What you are asked to do:
Your task is to return all of the entries below exactly, leaving out each picture.
Record extracts: Begin
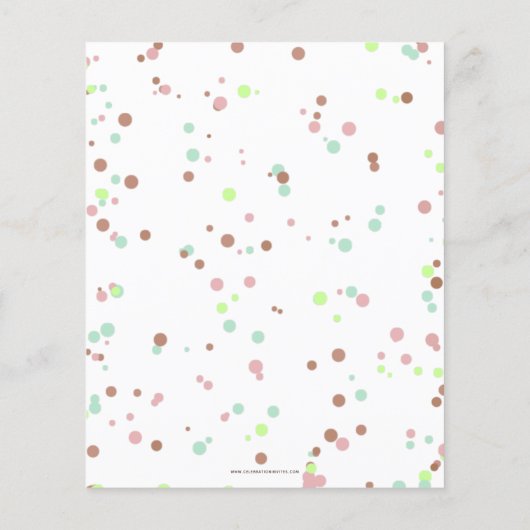 Budget Fun Ice crème, Birthday-uitnodiging (Achterkant)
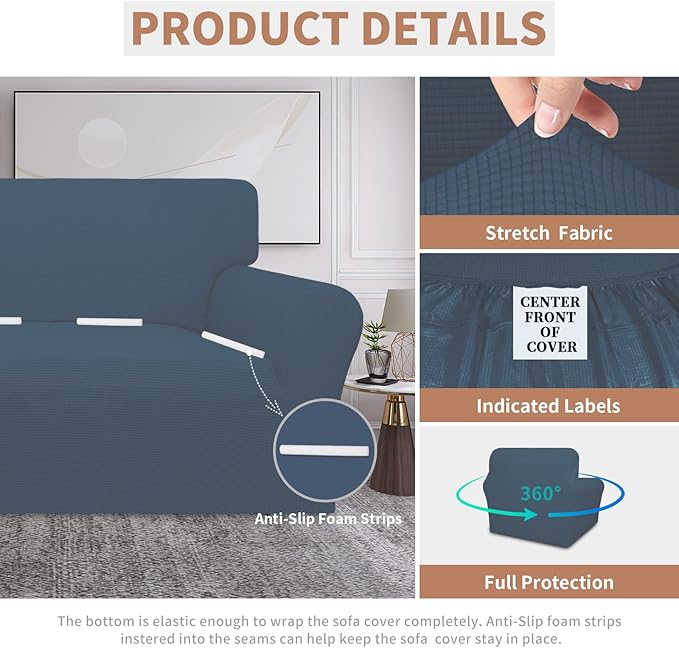 Easy-Going 100% Waterproof Oversized Chair Couch Cover, Dual Waterproof Sofa - Image 4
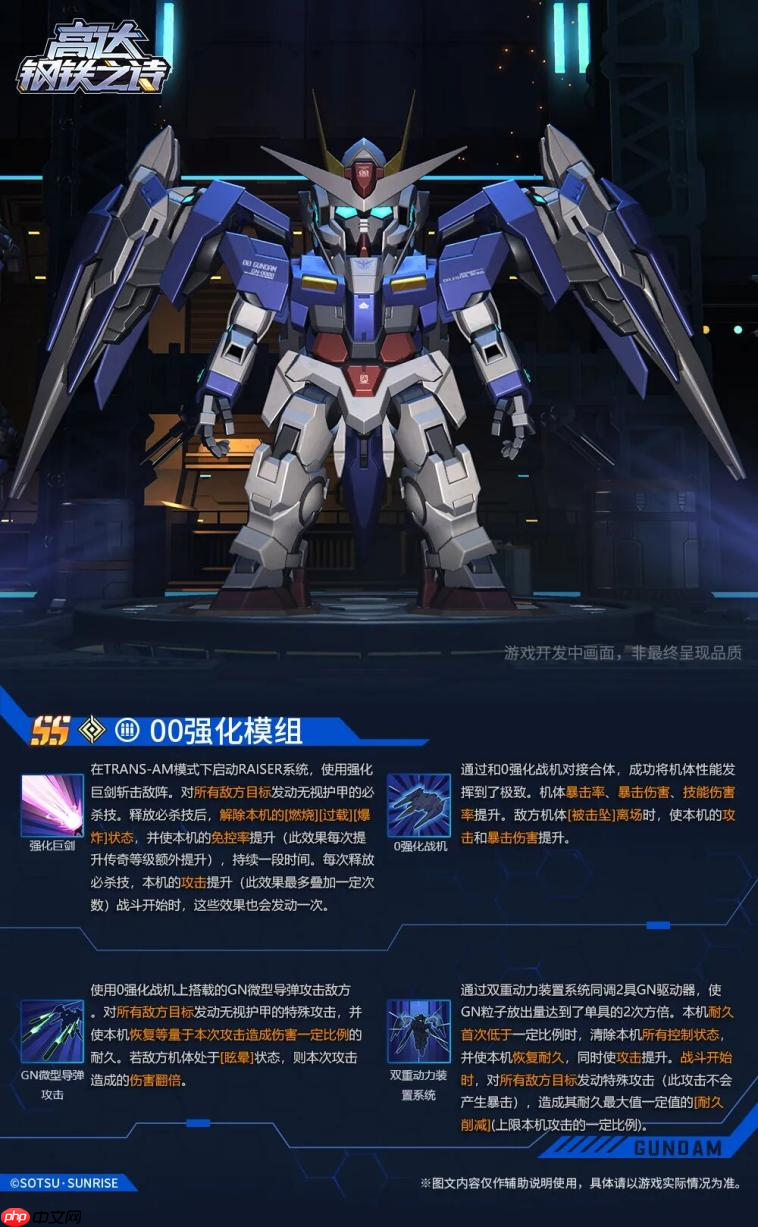 《高达钢铁之诗》半周年庆00强化模组降临，豪华福利免费畅享!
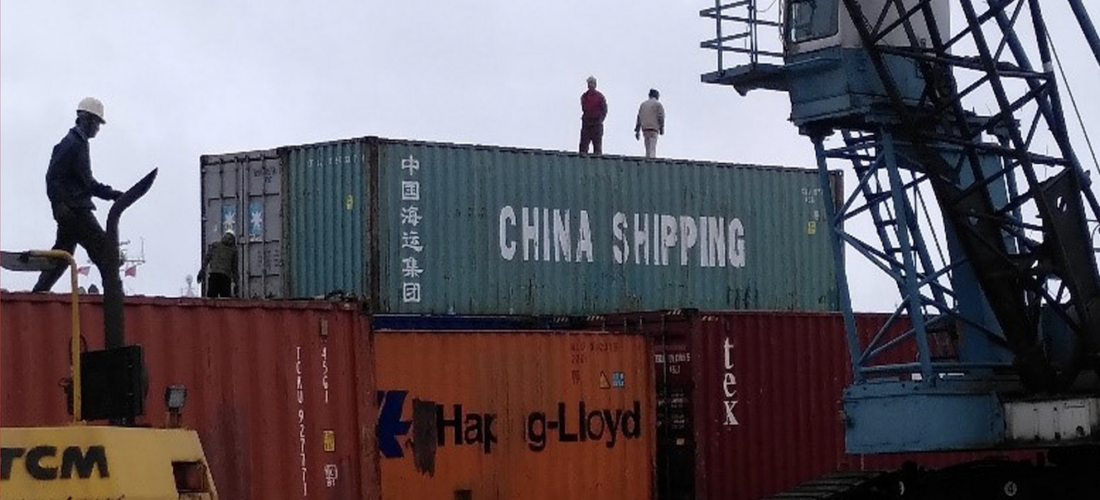 Shipping containers in China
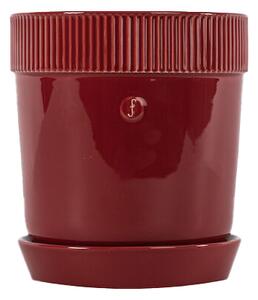 Sagaform Elise pot S Ø14 cm Burgundy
Record extracts: End
Exercise output:
 Budget Fun Ice crème, Birthday-uitnodiging (Achterkant)
 Easy-Going 100% Waterproof Oversized Chair Couch Cover, Dual Waterproof Sofa - Image 4
 《高达钢铁之诗》半周年庆00强化模组降临，豪华福利免费畅享!
 Shipping containers in China
 Sagaform Elise pot S Ø14 cm Burgundy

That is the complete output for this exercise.